# What can you do with a sort code account number?



## vickky453 (Feb 27, 2009)

Just wondering , as I got my online bank account back and the people who robbed my money have left the details of the account they put all my money in.

Do you reckon its already a closed account, or is there a way of gaining more information from just the sort code and account number?


----------



## m1pui (Jul 24, 2009)

A sort code is unique and corresponds to a specific branch so at the very least you should be able to find out where it was opened.

The Account number should give you the persons, possibly fake, details.

Well not you specifically, but the police or banks should be able to dig it up the persons details.
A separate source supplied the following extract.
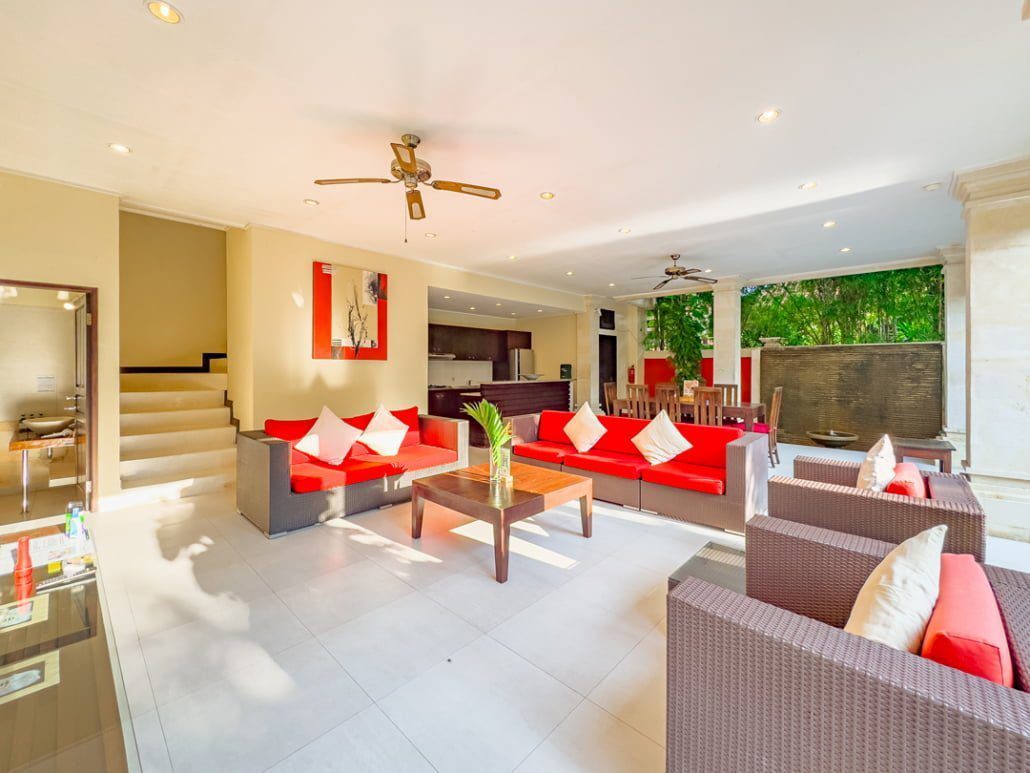 High-ceiling Balinese architectural design of the main living and dining area at Villa Tresna Seminyak by Villa Bugis Seminyak villas.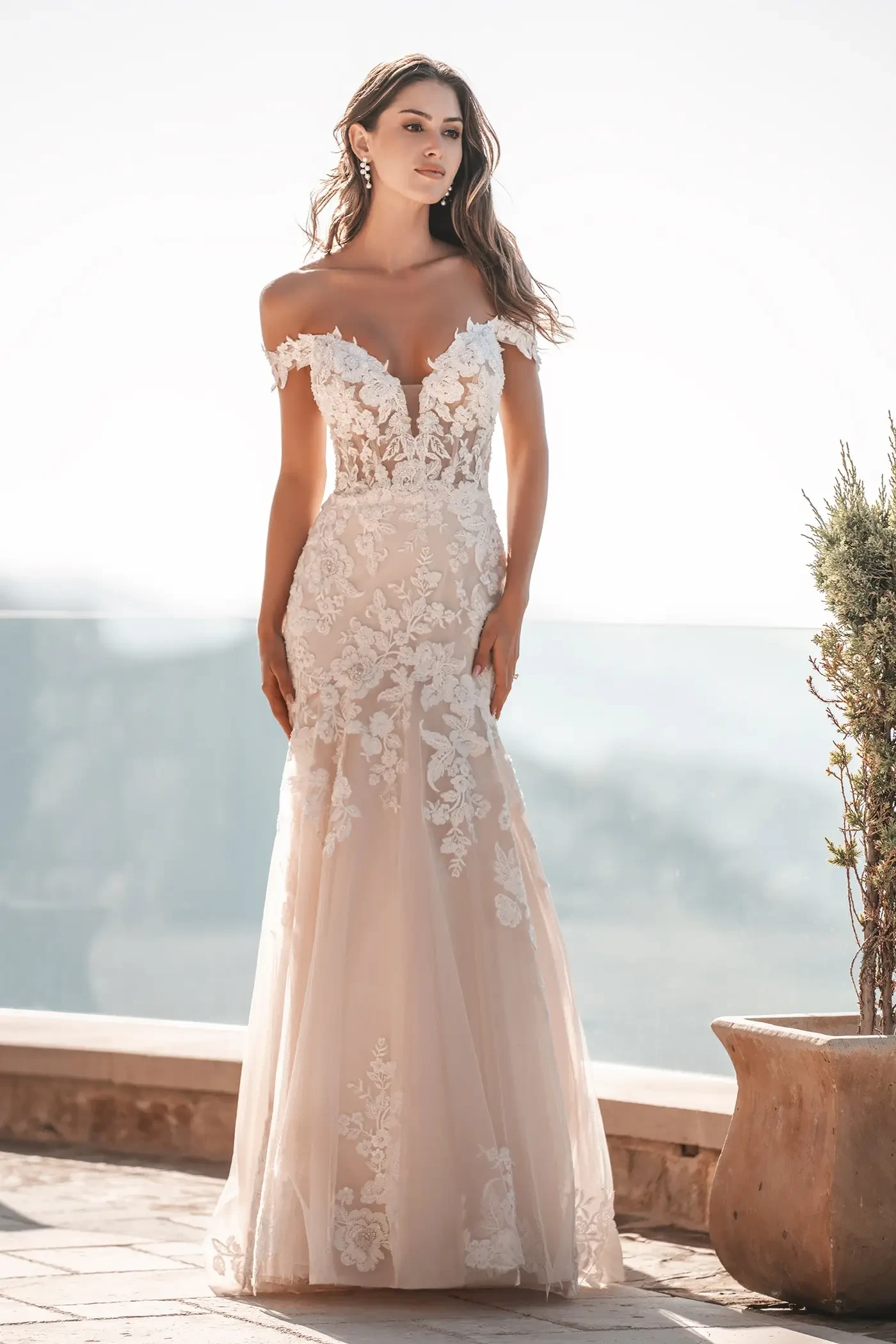 model is wearing an off the shoulder lace bridal gown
Google the sort code and it will most likely give you the branch


----------



## vickky453 (Feb 27, 2009)

thanks mate, got this so far 

BARCLAYS BANK PLC 204451

Equivalent Codes:
20-44-51
20 44 51 IPSWICH
LEICESTERSHIRE, LE87 2BB, Phone: (845) 7555555,
LEICESTER
England


----------



## Ravinder (Jul 24, 2009)

It's most likely a fraudulent opened bank account to get the funds in and then more then likely withdrawn from that account. Someone been doing transfers from your account? You'll easily get the money back from your bank.


----------



## Bero (Mar 9, 2008)

Speak to your bank and let them refund you. Let them pursue the offender...they wont get anywhere though as the bank will have been opened with false details.......or being operated by a semi innocent party - have you seen the 'make £500 a week from home' adverts? Well this is teh type of things you could be doing, receive money into your bank account and transfer it (minus your cut) via western union.


----------